The Tortuga Society was proud to host it’s inaugural Book Club Session on the beginning of Ken Follett’s novel: The Pillars of the Earth.
Join the Tortuga Society to participate in future sessions!
We discuss —
Introduction & Format
Inaugural Tortuga Book Club meeting on The Pillars of the Earth
Housekeeping: shared Notion page, rotating member‐led presentations encouraged
Goal: tie medieval context back to modern “anarchy” in society and Tortuga themes
Historical Context
Setting: 12th-century Kingsbridge, just after the Norman Conquest during “The Anarchy”
Comparison to today’s post-WWII/Bretton Woods order unraveling (financial & institutional collapse)

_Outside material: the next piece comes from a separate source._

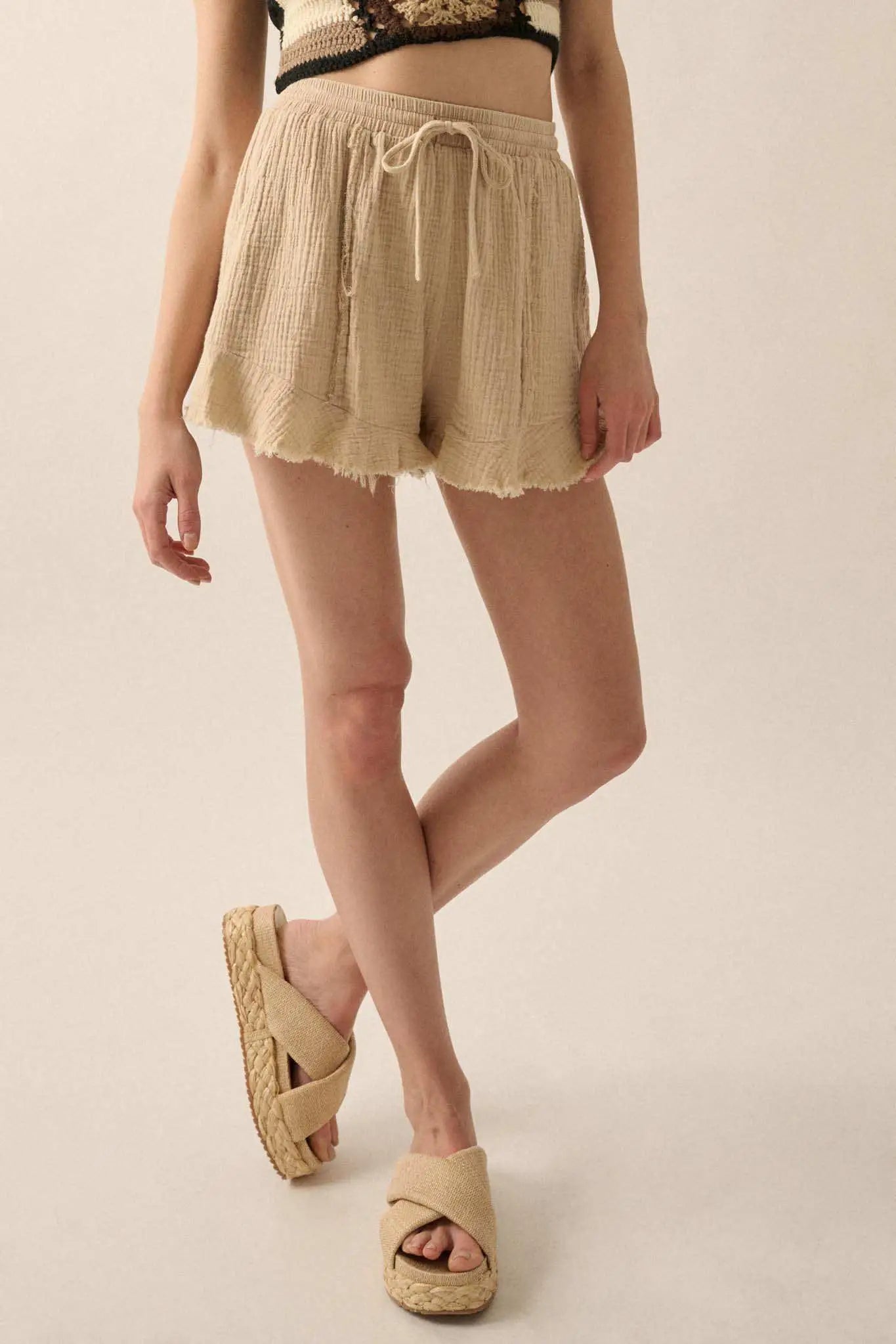 Ruffle and Ready Crinkle Cotton Raw-Edge Shorts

Generational-cycle parallel (Strauss & Howe’s Fourth Turning) between medieval crisis and modern era
Language & Culture
Multicultural England: Norman French aristocracy, Anglo-Saxon remnants, Latin liturgy
Lack of standardized language/grammar; role of Church in preserving texts
Vocabulary confusion: prior vs. archbishop vs. earl, etc.—suggestion for a future mini-presentation
Craftsmanship & Sensory Detail
Tom Builder’s vivid mental imagery of cathedral architecture (“a tunnel with refinements”)

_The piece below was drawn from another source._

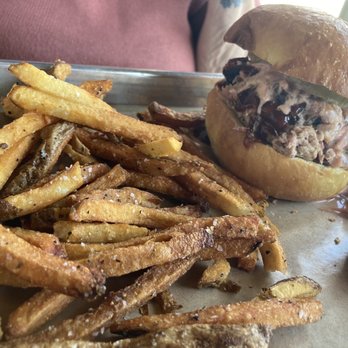 Equilibrium Brewery - Pulled pork sandwich Average don't get to excited - Breweries Near Me - Middletown, New York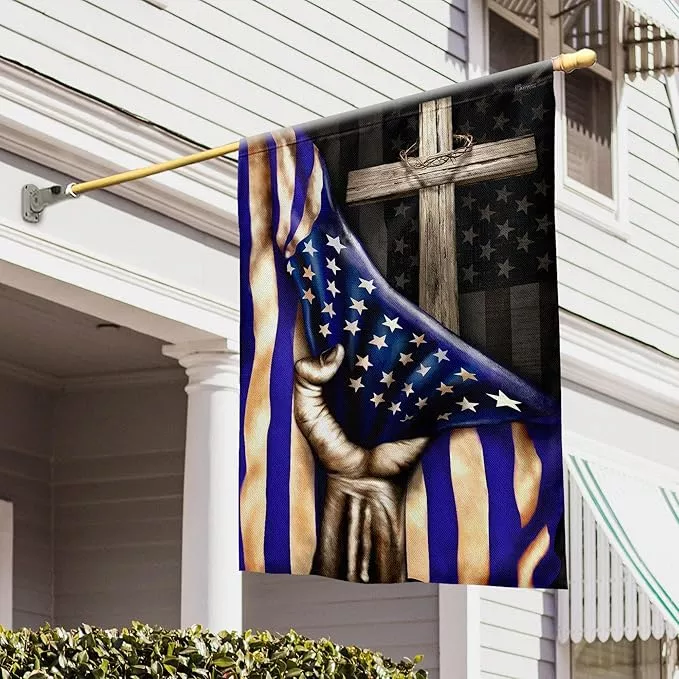flagwix-thin-blue-line-christian-cross-america-us-flag-4th-july-decorations-home FLAGWIX The Thin Blue Line Christian Cross, America US Flag - 4th of July Decorations for Home, Garden, House Flag (29.5" x 39.5") - USA House Garden Flags Premium Polyester, Decorative Outdoor Flags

Contrast between tangible, skill-based work vs. modern knowledge-worker ennui
Pleasure and “map of attention” embedded in handmade artifacts
Character Archetypes & Masculinity
Tom’s higher calling, impulse control struggles, and fleeting desires
Ellen’s resourcefulness vs. lack of formal identity or legal standing
Agnes’s practical grounding and comic relief
Alfred as lovable “floater” and Prior Philip as thoughtful spiritual leader
Discussion of Jack Donovan’s four masculine virtues (strength, courage, honor, mastery)

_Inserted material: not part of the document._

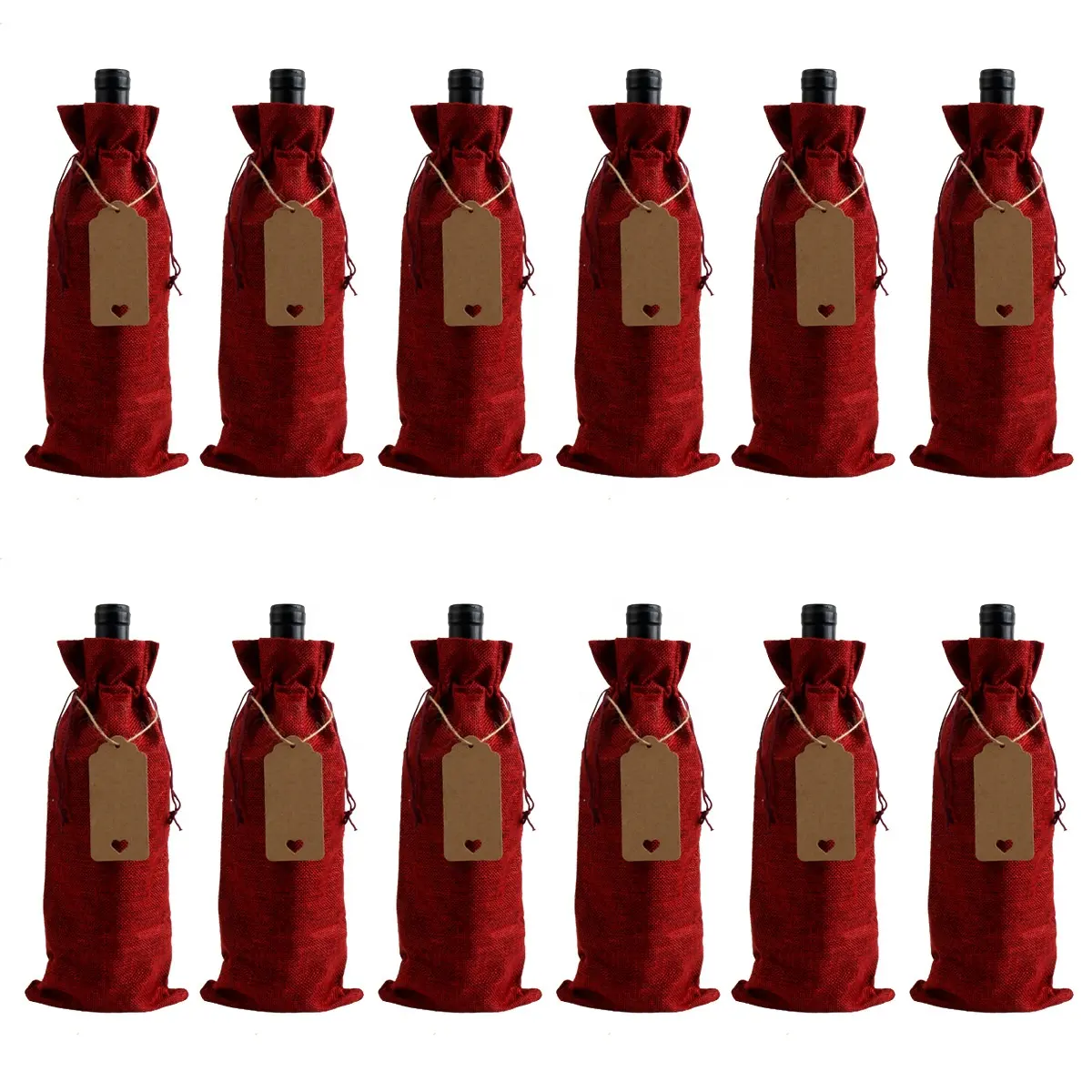 WETRUST-bolsas reutilizables de arpillera para vino tinto, bolsas de regalo con cordón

Law, Reputation & Punishment
Importance of reputation in a non-literate society (e.g., brawl justification, outlaw marking)
Scarcity’s role in harsh penalties (stealing a pig ≈ life-upending loss)
Medieval justice vs. today’s more forgiving, debt-enabled replacement economy
Writing Style & Prologue Impact
Simple, accessible prose conveying deep truths (Tom’s perfectionism for God)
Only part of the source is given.